Japie Mulder chats to Sport24

2014-02-07 13:18

Cape Town - Former Lions and Springbok centre Japie Mulder discusses the Lions’ return to Super Rugby, what made the late Kitch Christie so special and whether he rates JJ Engelbrecht at outside centre…

Raymond Silinga asked: Having played for and supported the Lions for years, are you enthused by their Super Rugby return?

Japie Mulder: While it’s exciting for myself and other die-hard supporters, my hope is that the union now has all its ducks in a row. The time has come for the team to produce and make the supporters proud – we don’t want a scenario where we start again from square one. I believe the Lions’ success or failure will be determined by two key factors this season. Firstly, good conditioning is vital in terms of limiting the number of injuries a side experiences in a competition as physically demanding as Super Rugby. And secondly, the players will have to be switched on mentally from their first match (against the Cheetahs on February 15) as there is a definite step up in intensity from Currie Cup level.
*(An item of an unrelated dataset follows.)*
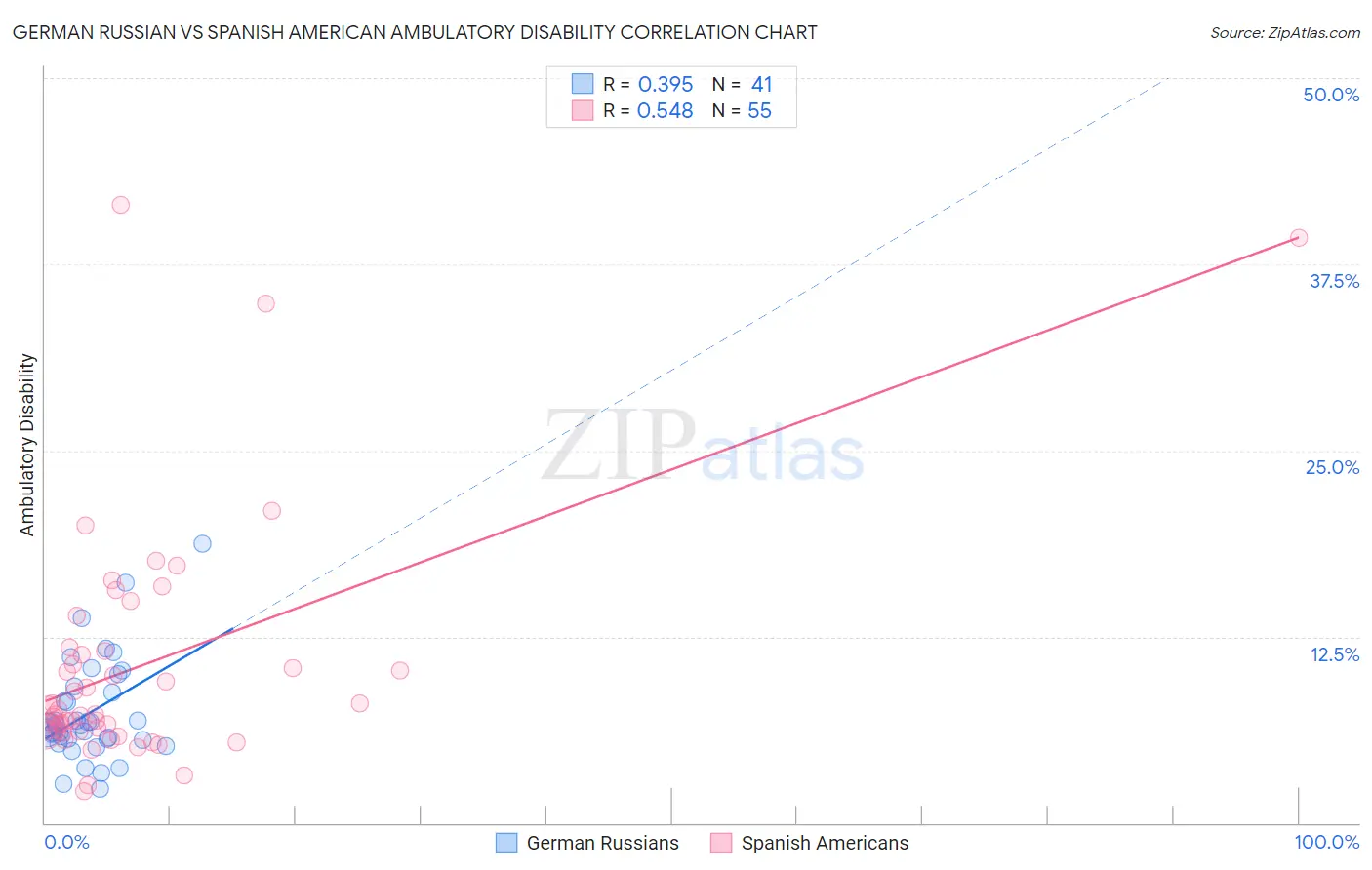 German Russian vs Spanish American Ambulatory Disability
Liza Lucani asked: Tell us about your fondest memories of Transvaal’s Super 10 triumph in 1993…

Japie Mulder: As a youngster back then it was a phenomenal experience playing in the same side as players such as Francois Pienaar, Kobus Wiese, Hannes Strydom and Rudolf Straeuli to name a few. Apart from the talent we possessed in that side, we had a secret weapon: Kitch Christie. He may not have been the most technically-gifted of coaches, but his man-management skills and knack to work with a variety of individuals was second-to-none.

Herman Mostert asked: Your take on Straeuli’s appointment as General Manager: Rugby and Commercial?

Japie Mulder: Rudolf has given a lot to rugby in South Africa and deserves to make a success of his latest role. He has shown his capabilities as an experienced administrator and I hope he gets it right at the Lions, because now more than ever, the union requires strong leadership.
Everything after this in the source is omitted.